Feel old, it’s been 50 years

since the screaming sure

I now have a river that is sleek/lazy

her lap takes me like a newborn

& sings the songs of drowners.

Enviro reports reckon dirty, but the government

says there’s jobs to be had upstream

so that has to be good?

 

When I was 15 I screamed

with a cracked stupid voice

that thought it knew about pain.

There was a boy involved

then a girl.

I was drinking at the pub

where Thommo once served a kid

who had to stand on his globite schoolcase

to see over the counter.

 

School half-heartedly pretended knowledge

but I was taught elsewhere.

Jerry’s mum gassed herself.

The woman next door to Derek

had been fucking him since he was 11.

 

They shut down the place.

I stood there last year,

with all its windows broken & few arson scars it

still forced me to be furtive.

Hans became the local mayor

Derek’s tradie shorts are a size bigger each year

& he’s fucking the apprentice.

Jimmy Jones was the apex predator,

word is he couldn’t kick a habit.

 

There’s been some death

my worn-out arms couldn’t carry Tim’s coffin.
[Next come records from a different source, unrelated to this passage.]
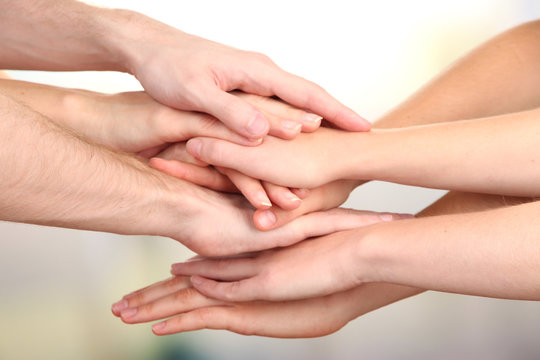 United hands on bright background. Conceptual photo of teamwork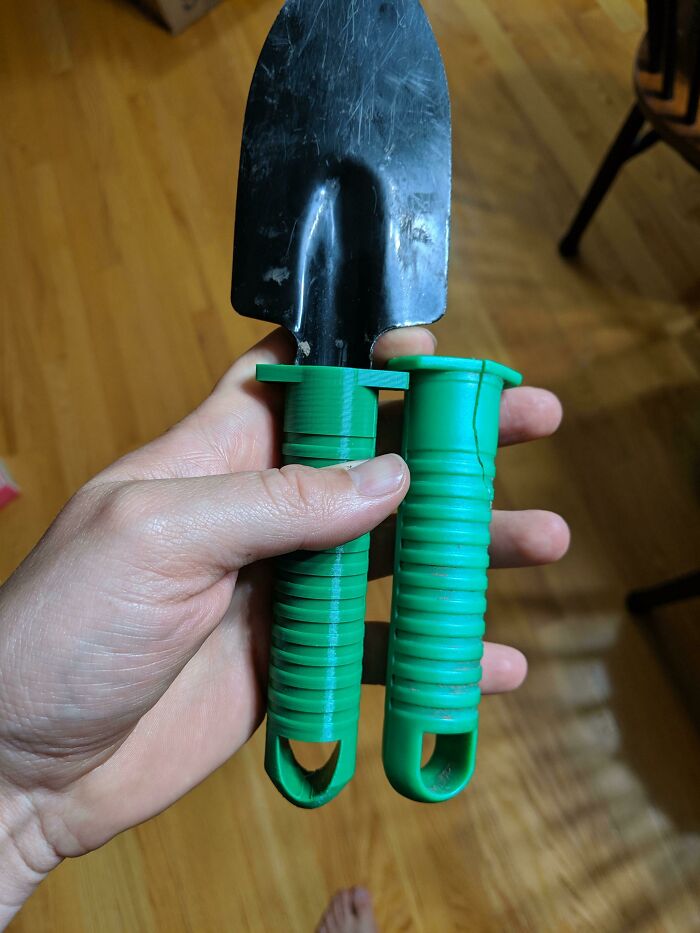 A hand holding a garden trowel with a green functional 3D print handle, making everyday life easier.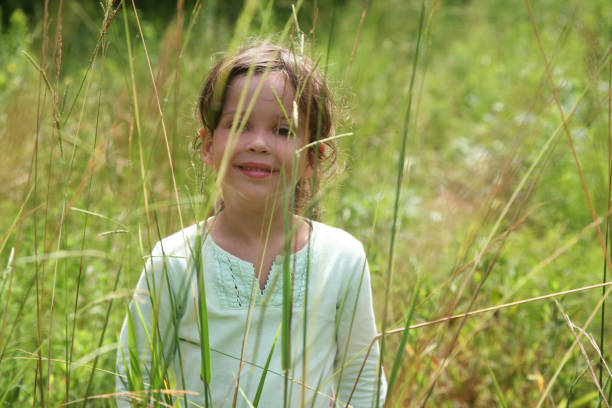 istock Happy girl on the green field 172770043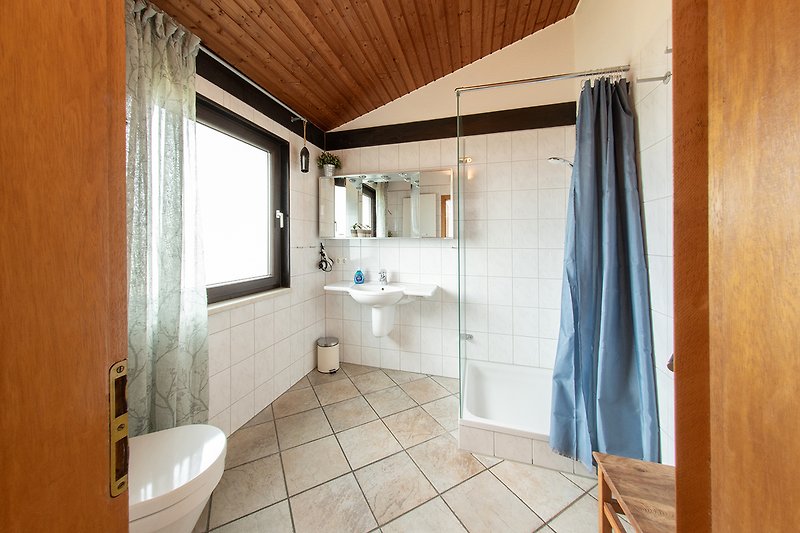 Modernes Badezimmer mit Holzdetails und Fensterblick.
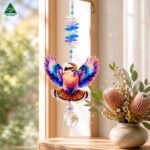 rainbow kookaburra suncatcherin a window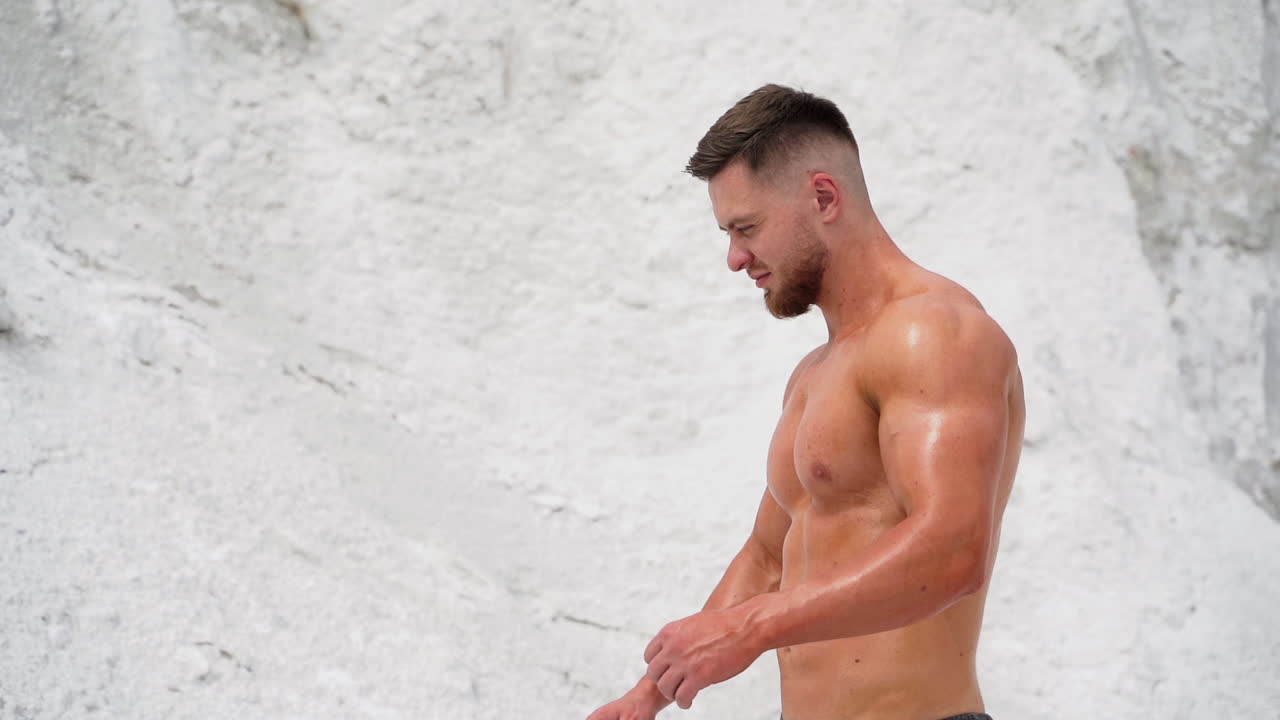 Muscular sportsman without t-shirt in nature. Back-side view of a strong man on white mountain background. Close-up.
We’d both talk about the school days

in cardigans of forgiveness.

I’d take it in then dump the lot.

We’d laugh.

 

I look others up,

there is no surprise that

some worked out wiser than me.

Most are divorced.

So much to lose… your mind, your family.

 

At the local Men’s Shed

we make more than cages & coffins.

The privilege of men

is sometimes set off against

the heap of garbage that we hod.

It doesn’t seem quite real, back of the cupboard stuff

with the tie-dyes & sarongs.

It’s a suit that really needs to see a tailor.

 

I occasionally come to visit

the forest down my working-class road.

They say you can stand in it & scream.

Cockatoos labour at their nesting hollows

make homes of a world’s rot.

Wallabies peer from the shade —

spectators at a schoolyard brawl.

It hasn’t rained in months

that river down the valley

has asthma.

The peace here folds like paper

could have had solace

perhaps hope

but I scream.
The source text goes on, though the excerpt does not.